Using Technology to Create Student Centered, Democratic Classrooms

My most important goal, and biggest challenge, as a novice teacher is trying to create a classroom that is student centered and democratic. This presents numerous challenges, not the least of which is defining what I mean by these terms. A few years back, I opened my Teaching Philosophy Statement for my ed program with the following:

The future is filtered through the walls of our schools. Schools are perhaps the primary socializing institution in our society. While the family and religion also play prominent roles in determining who people are, it is through the act of educating that youth are welcomed into the world that everyone in this country shares. The way in which we choose to educate our children will serve in many ways to create this shared world. If we desire to live in a world characterized by active democratic participation, critical evaluation of authority and the status quo, and social justice and equality, then we must find ways to mirror, question, and explore these notions in our schools.
While this statements aren't a definition of a democratic, student-centered classroom, they certainly speak to what I have in mind. Nothing I've thought or experienced since has altered my commitment to these ideas in any ways. As I discovered blogging towards the end of my last year teaching, I saw it as a great tool to help me move in the direction I had set out for myself as a student teacher.

Clarence recently asked
[W]ill changing the communications structure of a classroom "automatically" change the type of learning that occurs, or does it only make it more possible? What about making alterations to the learning? Will this drive changes in the communication structure?
I think Clarence is on the right path here, that certain uses of technology, such as the blogging, podcasting, and vcasting him and many others are using in their classrooms, can move towards a new "communication structure" in the classroom. However, I think these technologies are only a tool, and that if one is really interested in creating new communication structures (a democratic, student-centered one, for instance) then the entire power dynamic of the classroom and what happens inside it needs to shift. It needs to give students more control over both the content and methods through which they learn. It means conversations should not follow the "bicycle wheel model" (every comment goes back to the teacher), but rather that students should be actively engaging each other without the necessary mediation of the teacher. It means that students should have an active and meaningful role in assessing their selves and their peers.

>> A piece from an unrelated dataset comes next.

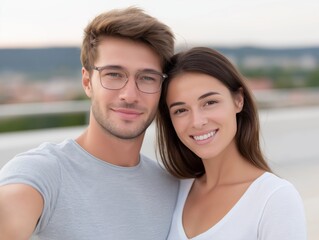 Obraz premium Young couple smiling together, enjoying a sunny day outdoors, capturing a joyful moment with a selfie, showcasing happiness and connection in a vibrant atmosphere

As I've really started reading, thinking, and writing about teaching once again recently, one of the issues I've continually considered is that it seems a lot of the blogs I read are primarily concerned with technology use, and blogging in particular, as an end in itself (notable exceptions include Tim, Chris, and Darren). Unless blogging is used as a tool with which to build a larger educational experience which supports and reifies the democratic and empowering power that blogging has, I fear that many students will miss out on its full potential, as well as the full potential which the classroom presents. (Related, check out the AMAZING responses to Nancy's post asking why teachers blog).